Print out the data exactly, keeping every image out of it.

┌────────

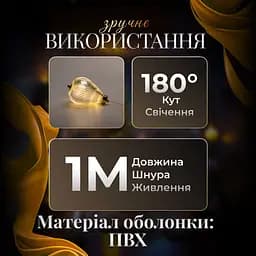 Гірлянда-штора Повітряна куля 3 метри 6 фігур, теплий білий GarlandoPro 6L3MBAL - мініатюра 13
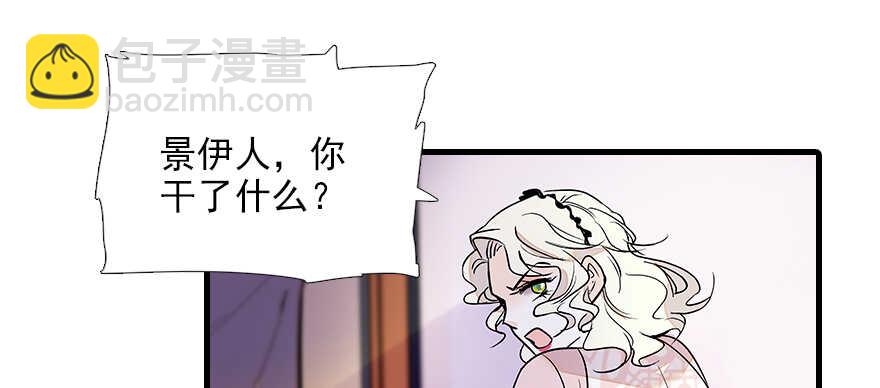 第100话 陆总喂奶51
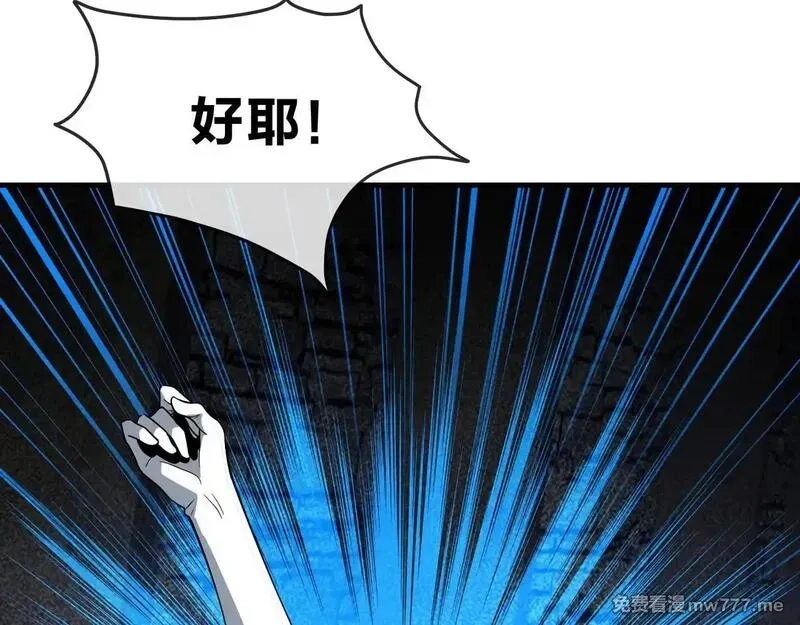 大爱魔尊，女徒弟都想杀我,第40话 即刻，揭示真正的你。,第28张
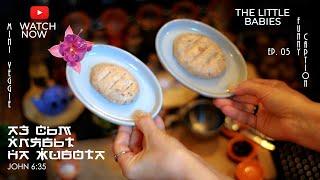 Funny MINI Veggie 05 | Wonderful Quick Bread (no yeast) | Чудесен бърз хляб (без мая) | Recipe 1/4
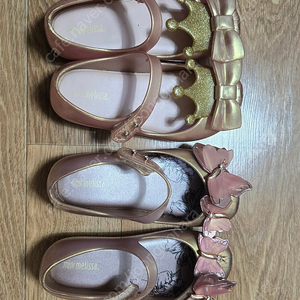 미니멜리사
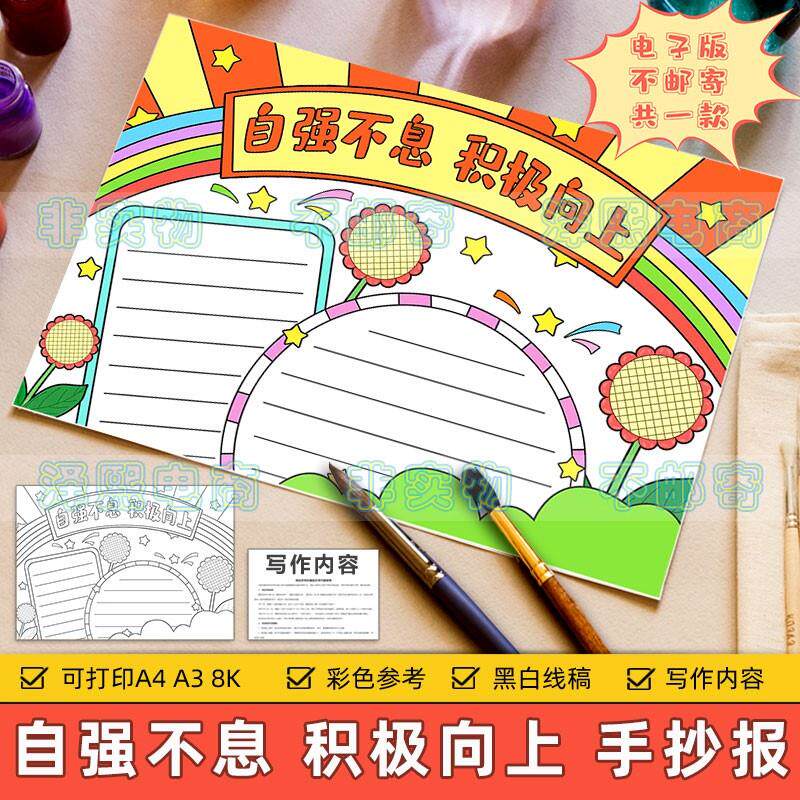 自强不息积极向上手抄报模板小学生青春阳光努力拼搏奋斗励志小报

└────────

Solution to this problem -
 Гірлянда-штора Повітряна куля 3 метри 6 фігур, теплий білий GarlandoPro 6L3MBAL - мініатюра 13
 第100话 陆总喂奶51
 大爱魔尊，女徒弟都想杀我,第40话 即刻，揭示真正的你。,第28张
 Funny MINI Veggie 05 | Wonderful Quick Bread (no yeast) | Чудесен бърз хляб (без мая) | Recipe 1/4
 미니멜리사
 自强不息积极向上手抄报模板小学生青春阳光努力拼搏奋斗励志小报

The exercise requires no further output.